I would say my own. LOL! Sorry, but the last haunted house I had time to go visit was about four years ago and it is no longer in existence. You see, in my area, there aren't that many great haunts available to us. I could travel an hour and a half and go to Pirates of Emerson which I've read is A+++.
As far as Hayrides and Haunted Trails, it just isn't heard of much in California. I couldn't believe some of my crew didn't know what a Haunted Trail was.  
I guess that's something different that we have to offer. I will truly miss our trail when we transfer to a building next season.


----------



## TipoDeemin (Oct 8, 2005)

We had one up here a while back that was interactive (Dead Haven), and that one was pretty neat for its originality and how much it changed from year to year. They've since lost the building they were using, though, and don't seem to be reviving the haunt without it.

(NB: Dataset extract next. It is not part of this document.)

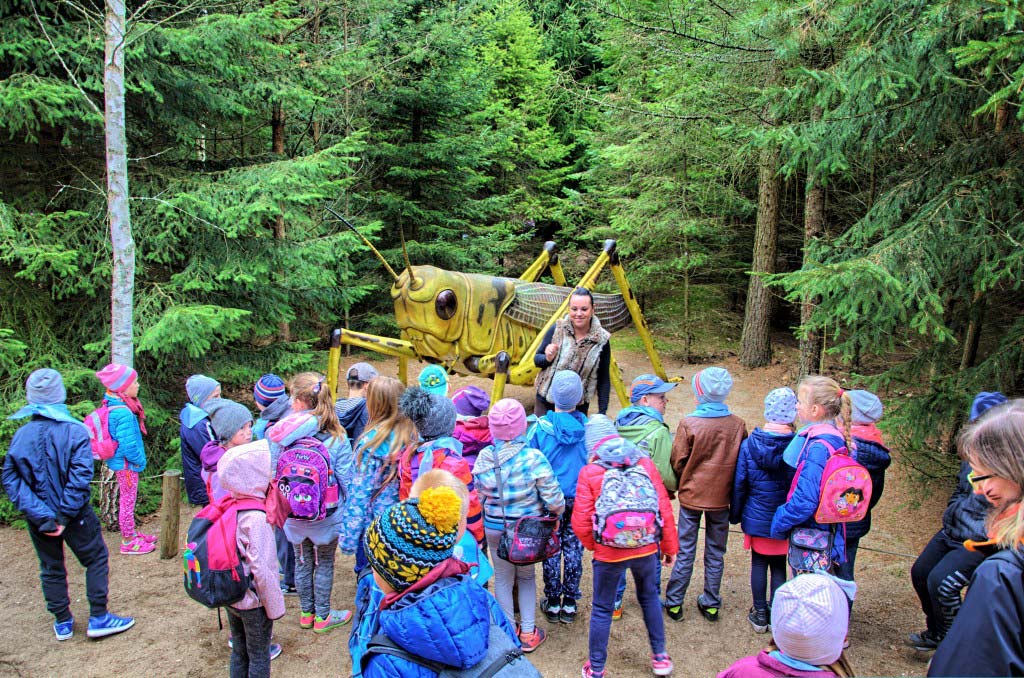 Zielone szkoły w Parku Owadów w Lubnicy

So barring that, it's the Haunted Hollow. They unfortunately reuse many of the same scenes and props year after year, and each year the quality of the actors drops, but they have quite a few of those awesome Devious Concoctions props and it's nice to get to see them up close and in action.


----------



## DeathTouch (Sep 6, 2005)

I was reading CCs blog this morning about Dolly Parton's Spooky Mine. And no he wasn't being perverted. LOL. She is building a Spooky mine and it should be completed in 2007. Check it out here.


----------



## Eyes_in_the_dark (Jun 15, 2006)

I have not been able to travel and see the big attractions so the only ones I know of are my local ones. The two I go to each year is the Lazarus maze in Ogden and Nightmare on 13th Street in Slat Lake City...both are pretty nice for local haunted houses.

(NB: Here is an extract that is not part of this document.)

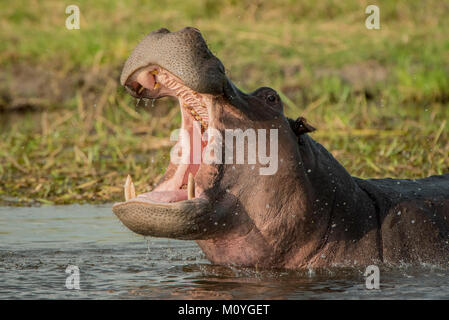 Flusspferd (Hippopotamus amphibius) mit offenem Mund im Wasser, Gesten, bedrohlich, Moremi Wildlife Reserve, Chobe Nationalpark, Botswana Stockfoto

http://www.lazarusmaze.com/

http://www.nightmareon13th.com/


----------



## Beepem (Jul 17, 2006)

ive only been to one once, victorian mansion in nh


----------



## slightlymad (May 25, 2006)

Wow I guess we are spoiled in the tri-state(del,nj,pa) area there are at least 20 big haunts within 30 min drive.
Although i must admit we have not been to any in afew years lines to long.


----------



## IshWitch (May 31, 2006)

I guess Halloween Horror Nights at Universal Orlando is my favorite. The first 2-3 years was the best, though. They've softened it up a bit since the thing first started and especially after Sept. 11.


----------



## Gloomy_Gus (Jul 11, 2006)

When I was a kid in SoCal, we used to go to Knott's Scary Farm. Haven't been in years, but I hear it's also gone way downhill. Apparently, scary isn't "PC". Anyway, one year I worked a haunt in Norfolk called "Phantom's Hollow". There was a very small group of paid actors/technicians and the rest of us were volunteers. It was a blast and everyone seemed to have a good time. It was a hayride through various scenes from pirates to vampires (me). At the end they would ask riders to fill out a survey to rate the attraction and list their favorite scenes. It was always fun to see my scene make the cut. I've been to a few professional haunts, but they seem to concentrate on just being dark with people jumping out at you. I prefer the home haunts that have more TLC and creativity.


----------



## drbrandon73 (Jul 11, 2006)

Nightmare on 13th in Salt Lake City is great.


----------



## mrklaw (Nov 11, 2005)

I'm still a big fan of Disney's Haunted Mansion at Disneyland. I love the atmosphere and all of the optical illusions and the mixture of humor and spookiness.


----------



## Gloomy_Gus (Jul 11, 2006)

mrklaw said:


> I'm still a big fan of Disney's Haunted Mansion at Disneyland. I love the atmosphere and all of the optical illusions and the mixture of humor and spookiness.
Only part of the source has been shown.